Gunman Kills 3, Self At Philly Office Park
A man who killed three people and himself at a marketing company was upset about losing money in a failed real-estate venture and told his victims to "say your prayers" before he opened fire, police said Tuesday.
Vincent Dortch, 44, took an assault rifle and a .40-caliber handgun to an investors meeting he had organized Monday night, authorities said.
Minutes after the meeting started, he told the group, "You have a minute or two to say your prayers," police inspector Joseph Fox said. Another man who was shot during the attack was in critical condition Tuesday.
Police found a scene of "utter chaos" in the offices of Zigzag Net Inc., Deputy Police Commissioner Richard Ross said.

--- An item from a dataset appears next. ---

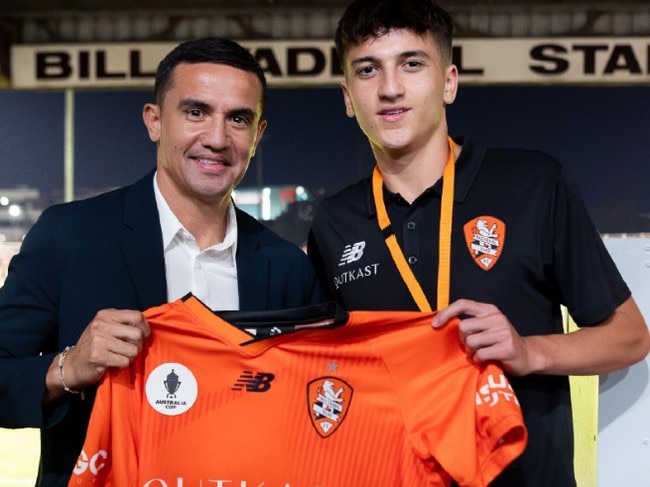 Shae Cahill with dad Tim when he signed with the Roar. Picture: Brisbane Roar
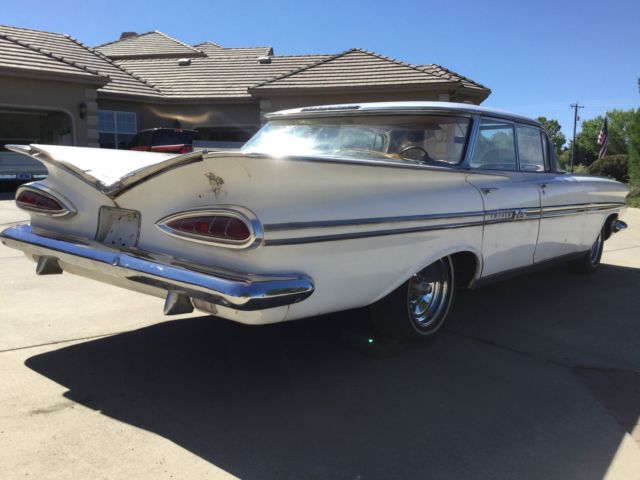original 1959 chevrolet impala 4 door sedan with original 283 engine, nice!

Two victims were found on the floor, and another was in a chair, all with "wounds to various parts of the body," Ross said. "The officer mentioned to me that he had to take a knife out to cut this person loose." None of the police officers was hurt.
Dortch, 44, of Newark, Del., and two other men at the meeting had lost money on the failed deal, perhaps as much as $500,000 combined, police said.
Those two other investors were bound with duct tape, but they were not shot, Ross said. Police said the survivors told them they had talked Dortsch out of driving to New York state, where he planned to shoot another person.
Police identified the victims as Robert Norris, 41, of Newark, Del.; Mark Norris, 46, of Pilesgrove, N.J.; and James Reif, 42, of Endicott, N.Y. Zigzag's Web site lists Mark Norris as president and CEO.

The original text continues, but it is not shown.